• Information provided:
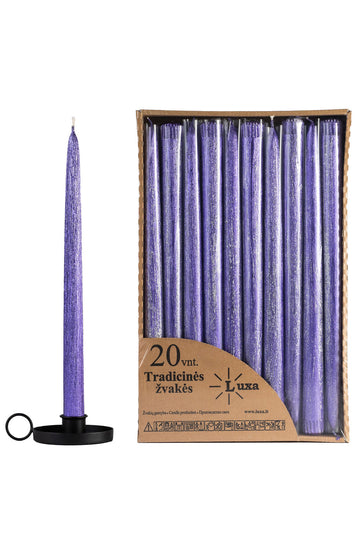 Tradicinės blizgios violetinės spalvos stalo žvakės (20 vnt. / 30 cm)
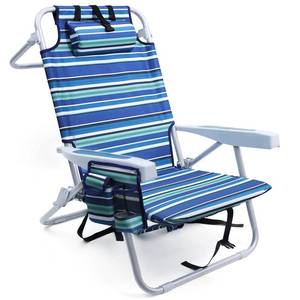 lot 51282 image: Yestomo Beach Chairs for Adults Heavy Duty, Compact Portable Lay Flat Folding Beach Chair with Backpack Straps and Large Cooler Pouch, Support to 350LBS (Stripes_Blue&Cyan)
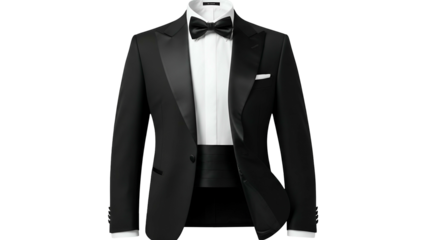 Formal evening wear ensemble featuring a black dinner jacket and bow tie displayed against a dark background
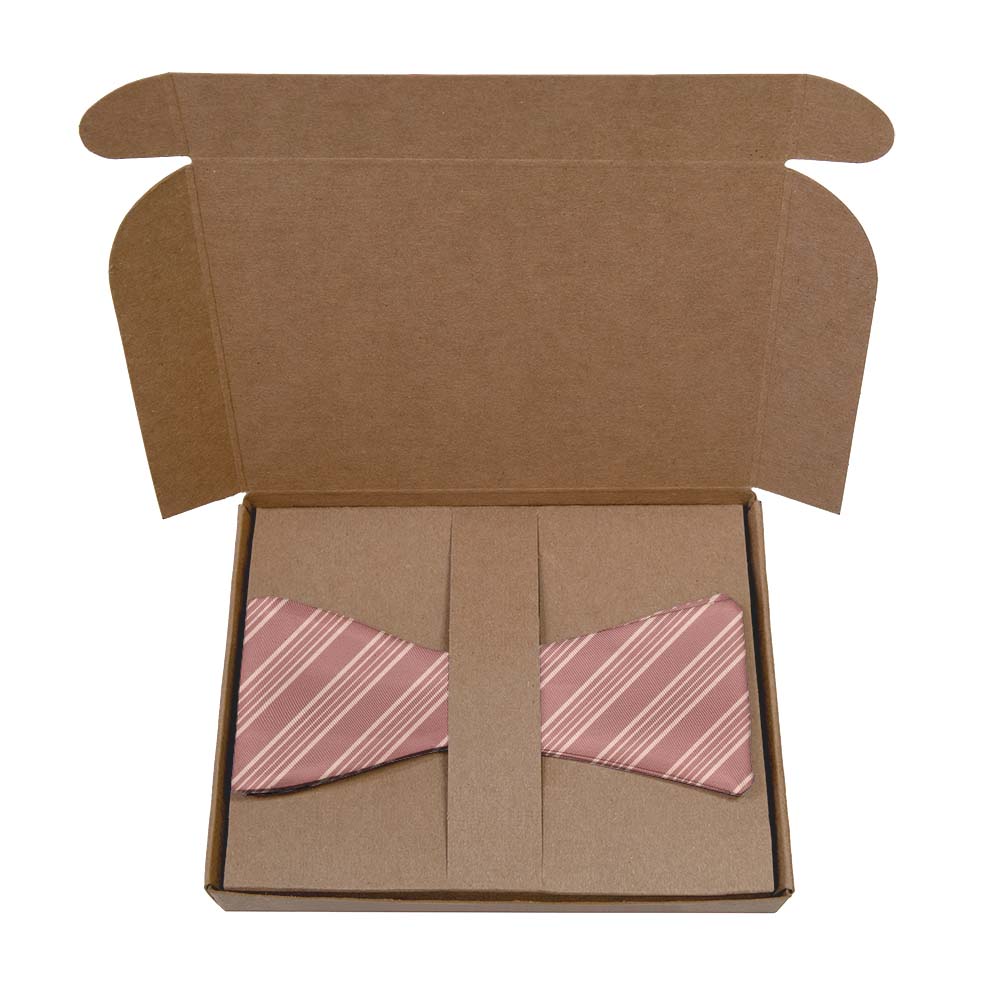 Archer Stripe Bow Tie- Kraft Gift Box Packaging - Knotty Tie Co.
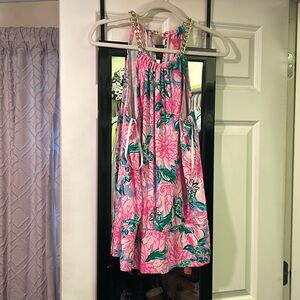 Lilly Pulitzer Pink Green Floral Halter Sundress Top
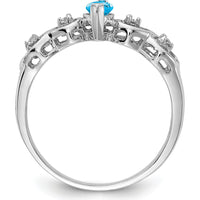 14K White Gold 6x3mm Marquise Swiss Blue Topaz Ring with Diamond Accents - 0.280 Carat Topaz, 0.012 Carat Diamond by Monteluci Fine Jewelry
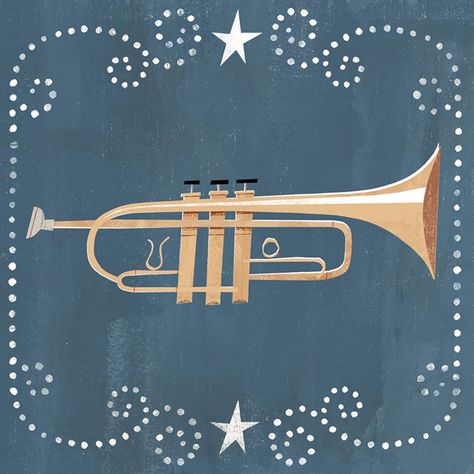 Little tin horn.. Illustration by Jamey Christoph.  #christmasart #illustration #santaclaus #trumpet Trumpet Aesthetic, Trumpet Illustration, Horn Illustration, Christmas Musical, Working Drawing, Childrens Books Illustrations, Islamic Art Pattern, Communication Art, Portrait Design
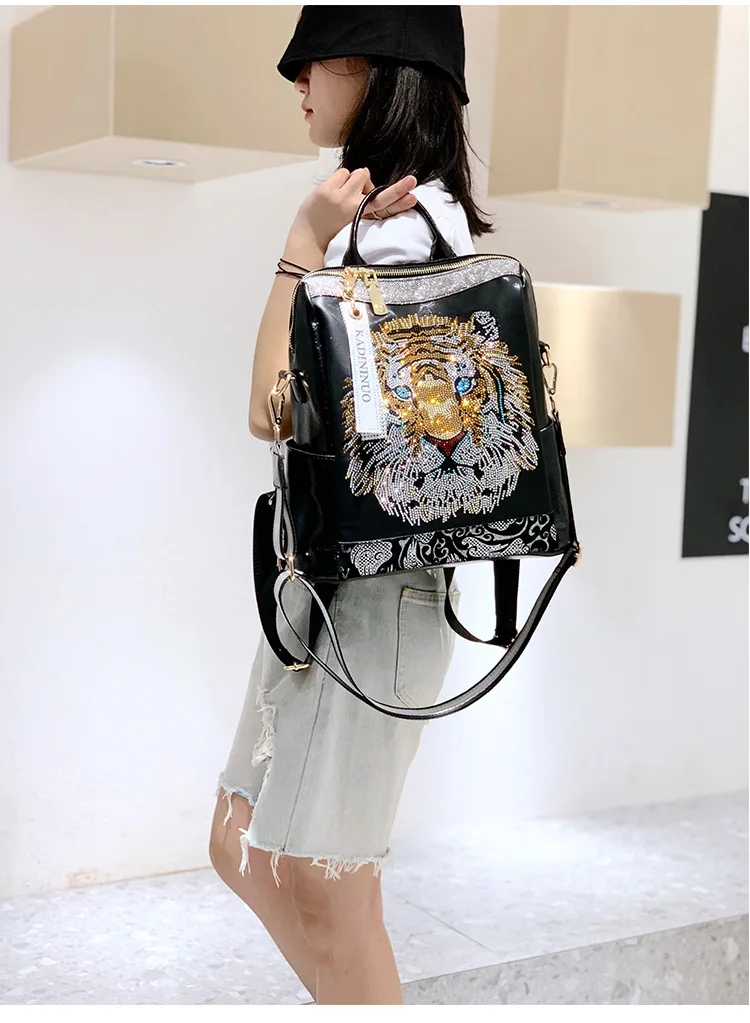 Luxury Animal Prints High Quality Soft Leather Teenager Sequins Travel Backpacks - Image 5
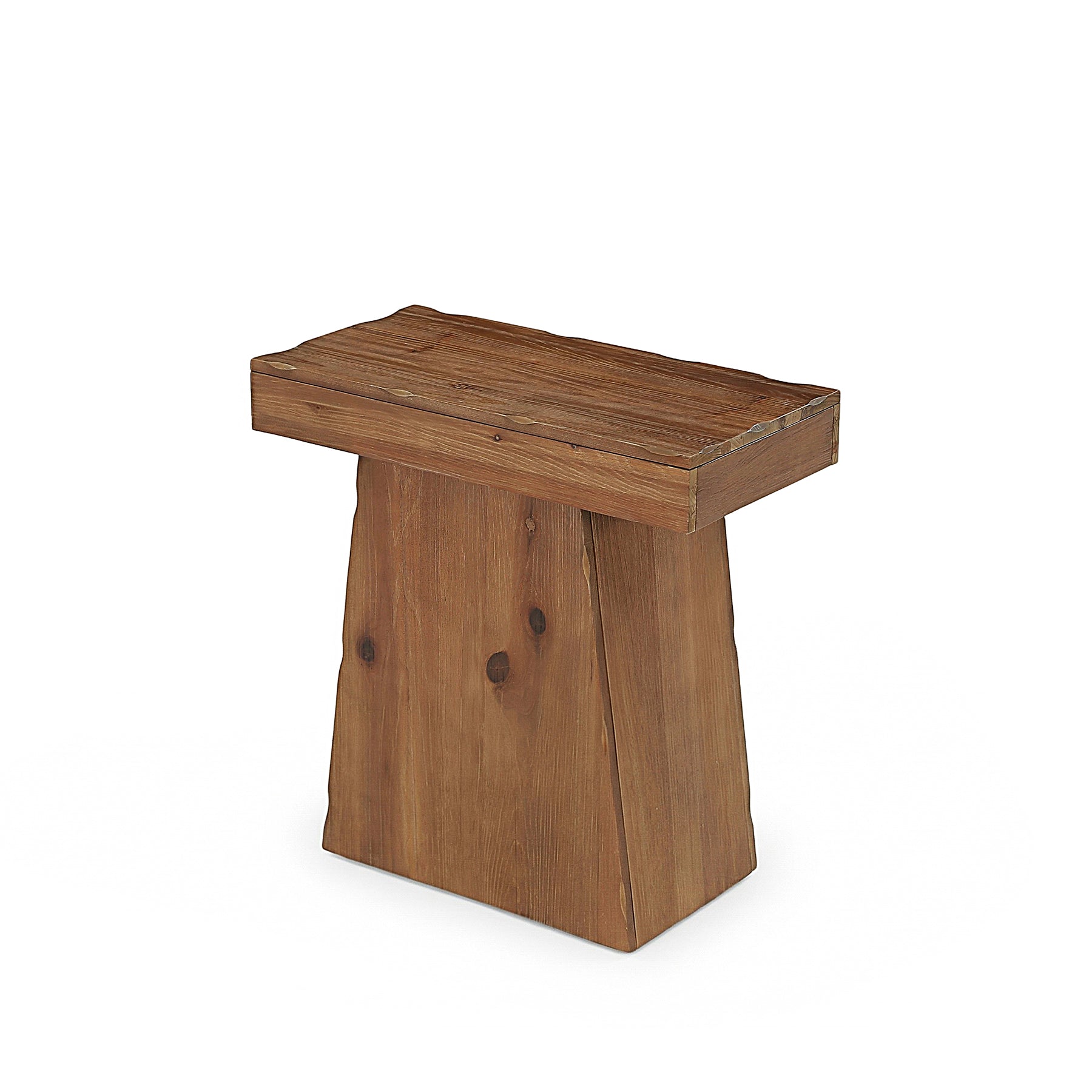 23.6-Inch Solid Wood End Table with Trapezoid Base, Small Walnut Side Taable for Living Room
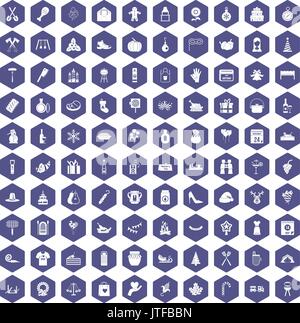 100 family tradition icons hexagon purple Stock Vector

• What you should do:
Print nothing except the lines above from the one containing "lot 51282 image: Yestomo" down to the one containing "Lilly Pulitzer Pink", both included, exactly as written and free of pictures.

• Exercise response:
 lot 51282 image: Yestomo Beach Chairs for Adults Heavy Duty, Compact Portable Lay Flat Folding Beach Chair with Backpack Straps and Large Cooler Pouch, Support to 350LBS (Stripes_Blue&Cyan)
 Formal evening wear ensemble featuring a black dinner jacket and bow tie displayed against a dark background
 Archer Stripe Bow Tie- Kraft Gift Box Packaging - Knotty Tie Co.
 Lilly Pulitzer Pink Green Floral Halter Sundress Top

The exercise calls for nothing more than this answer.